La parola è diventata oggi un mantra, un must del marketing, addirittura una sorta di religione: sembra che non si possa pensare di vendere (o acquistare) nemmeno un spillo se questo non ha l’etichetta di sostenibile.
In realtà si tratta di un termine dal contenuto vago, fuorviante, limitato se ad esso non si associa il concetto di economia circolare per cui, per restare nell’ambito dei beni strumentali e di consumo, la vita del prodotto – dal design alla produzione, dalla distribuzione al consumo – non finisce né quando diventa un rifiuto, né quando viene dismesso dal mercato (secondo quanto teorizza il marketing tradizionale), ma piuttosto continua passando per le fasi di raccolta, rigenerazione, riciclo, riuso e ritorno, sotto altre vesti, nel ciclo economico.
“Anche se non è stata, almeno all’inizio, il frutto di scelte progettuali, la stessa concezione dei nostri prodotti e la loro filiera produttiva ci ha condotti a praticare questo approccio volto alla salvaguardia del benessere del pianeta. La scelta di utilizzare metalli e leghe metalliche invece che la plastica (il cui riciclo è in generale difficile e costoso tanto che gli inglesi parlano di downcycle) consente da subito il recupero degli sfridi di lavorazione che vengono rifusi con un consumo energetico e costi accettabili sia per il bilancio economico della comunità che per il mercato.

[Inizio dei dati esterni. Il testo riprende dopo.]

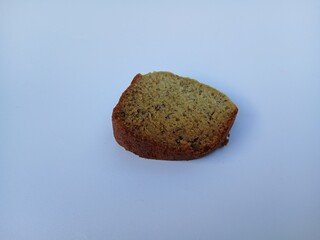A plate of banana cake, a traditional Indonesian cake made from bananas as the main ingredient, has a soft texture and sweet taste
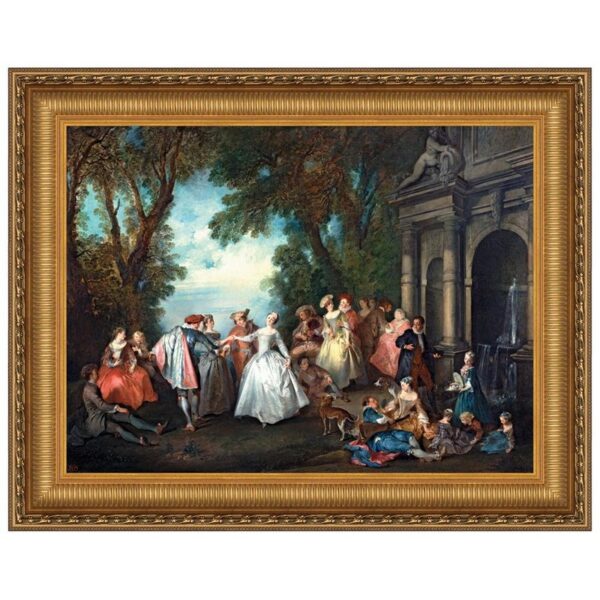 Design Toscano DA4693 40 1/4 Inch Dance Before a Fountain 1724 Canvas Replica Painting - Large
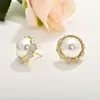 Boucles d'oreilles à tige, Version coréenne, petite fleur ronde Turquoise, aiguille en argent 925, couronne de perles Antique et élégante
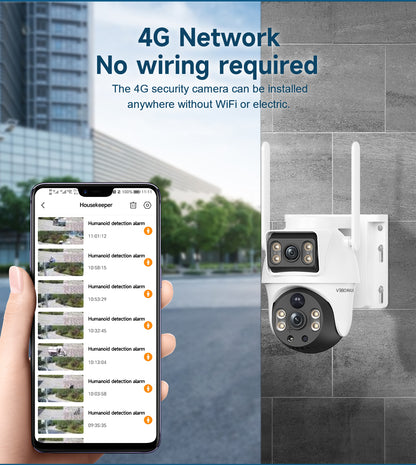 4G Solar Dual Lenses Security Camera, Wireless Outdoor, AI Human Detection, Dual View, 355° Pan 90° Tilt, PIR Motion Alert, IP65 Waterproof, Night Vision, App Remote, No WiFi Needed, Home Security System, Ai Security Camera System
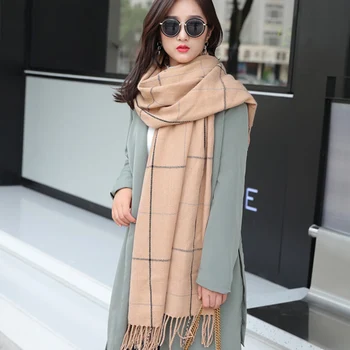 Eșarfe Femei Gros All-meci Carouri Doamne Elegante Lungi Împachetări coreeană Stil Casual, Iarna Cald de Înaltă Calitate Moale Femei Eșarfă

Altro parametro basilare in questo quadro è la durabilità del prodotto e anche qui PLH può dire la sua.”
dice Enrico Corelli: “Le nostre collezioni sono pensate per non andare mai in pensione. La materia prima, i metalli da cui sono lavorate le placche, è di per sé di lunga durata. Il software che presiede le lavorazioni meccaniche tiene molto in conto l’efficienza del processo, occorre sprecare il meno possibile. Anche per i trattamenti superficiali e per le finiture, fondamentali per dare anima e identità alle nostre creazioni per renderli uniche e personalizzati, vengono eseguiti secondo tali criteri. D’altro canto la nostra ricerca su design ed estetica punta a creare forme, texture ed ergonomia impermeabili alle mode e insieme implementabili per adeguarle ai nuovi stili di vita e ai nuovi paradigmi comportamentali”.
E qui arriviamo al punto critico dell’economia circolare: che cosa succede quando il prodotto diventa obsoleto e non funzionante e occorre smaltirlo?
“La risposta sta nella predisposizione del prodotto a essere disassemblato in parti rigenerabili, riusabili, ricombinabili. Di recente ho letto di una impresa che recupera componenti di computer e Pc, di per sé difficilmente smaltibili, e li usa per creare arredi d’avanguardia. Le collezioni PLH sono tutte disassemblabili e riciclabili. Tutte tranne la placca Skin che ricorre alla colla per unire metallo e materiale decorativo. Ma ci stiamo lavorando. Per una buona causa never is impossible”.